REQUIREMENT: Ignoring every picture, transcribe the data in full as it stands.

PROVIDED DATA:
######
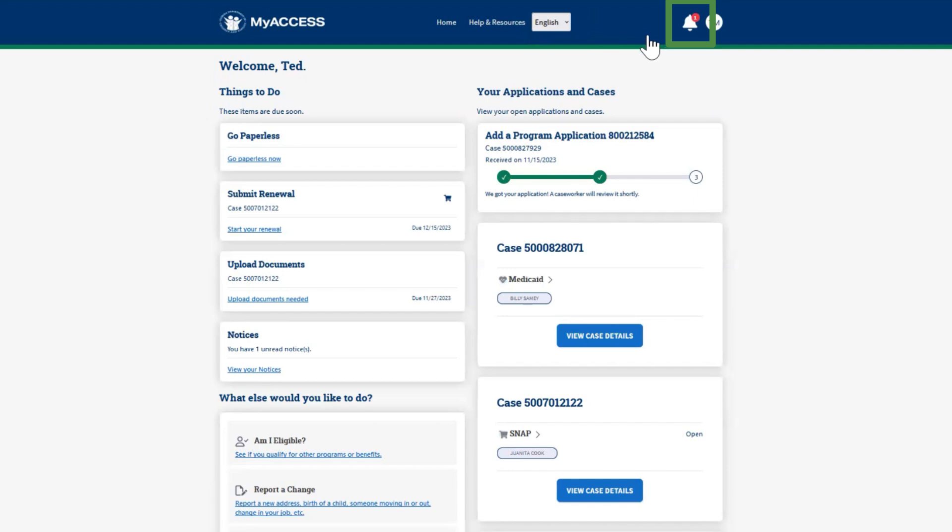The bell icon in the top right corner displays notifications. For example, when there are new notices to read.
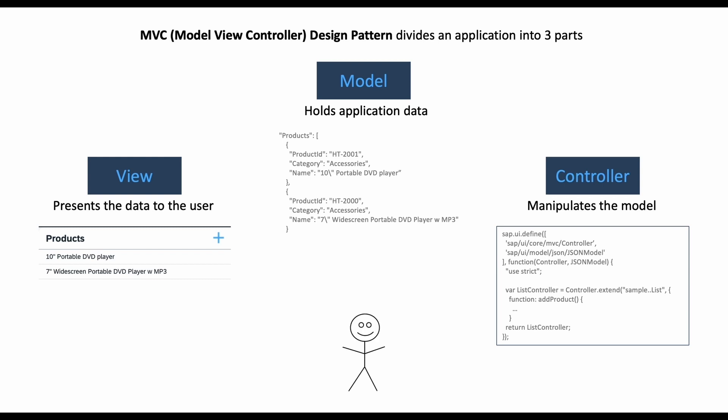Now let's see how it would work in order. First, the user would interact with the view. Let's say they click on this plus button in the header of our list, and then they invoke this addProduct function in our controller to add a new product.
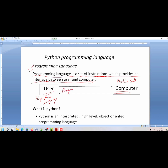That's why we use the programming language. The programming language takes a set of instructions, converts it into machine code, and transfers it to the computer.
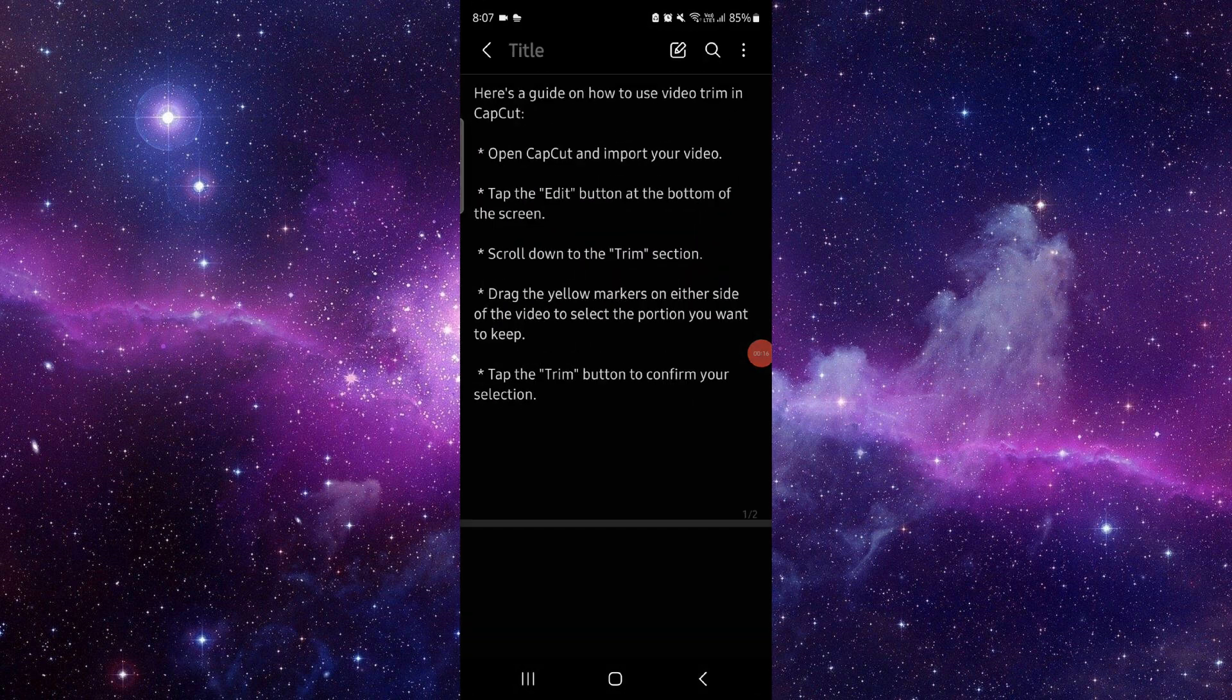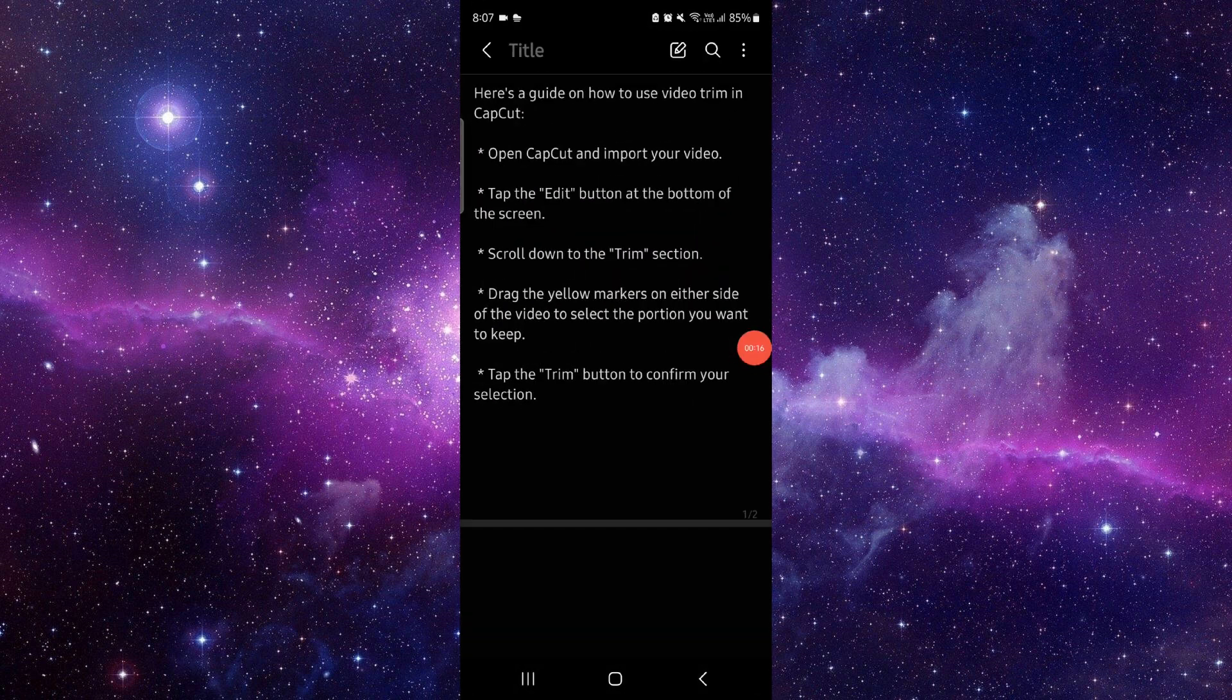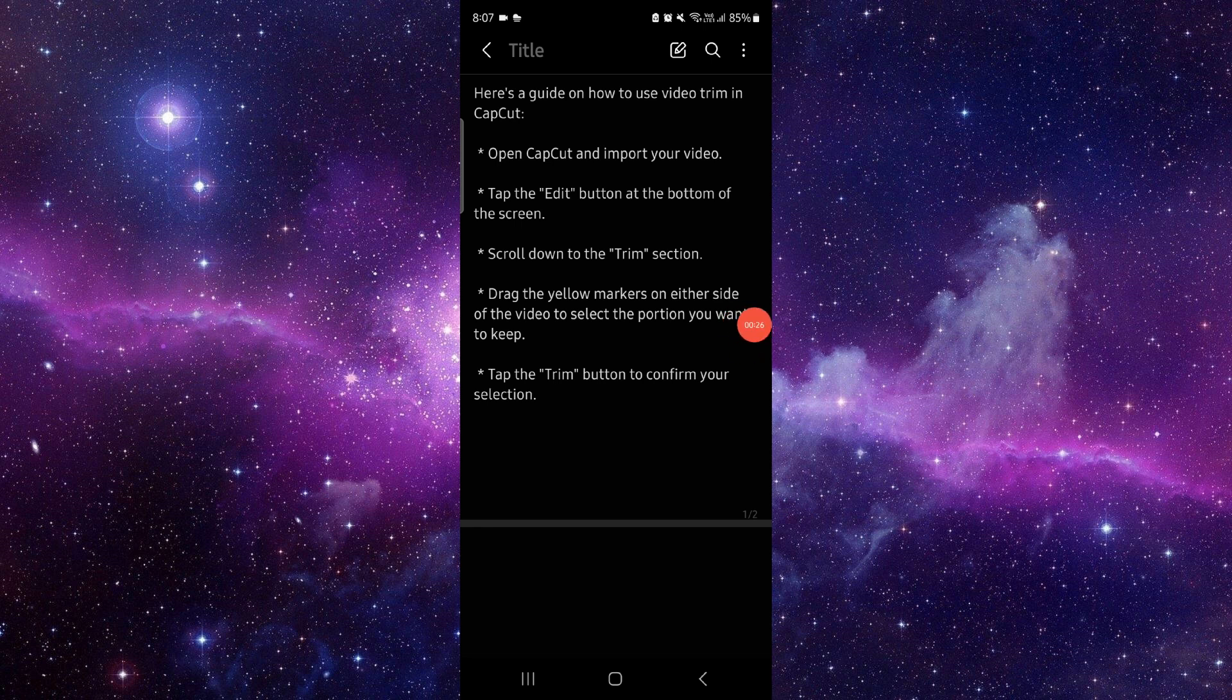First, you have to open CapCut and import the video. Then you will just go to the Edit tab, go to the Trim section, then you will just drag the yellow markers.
######
TASK RESPONSE:
The bell icon in the top right corner displays notifications. For example, when there are new notices to read.
Now let's see how it would work in order. First, the user would interact with the view. Let's say they click on this plus button in the header of our list, and then they invoke this addProduct function in our controller to add a new product.
That's why we use the programming language. The programming language takes a set of instructions, converts it into machine code, and transfers it to the computer.
First, you have to open CapCut and import the video. Then you will just go to the Edit tab, go to the Trim section, then you will just drag the yellow markers.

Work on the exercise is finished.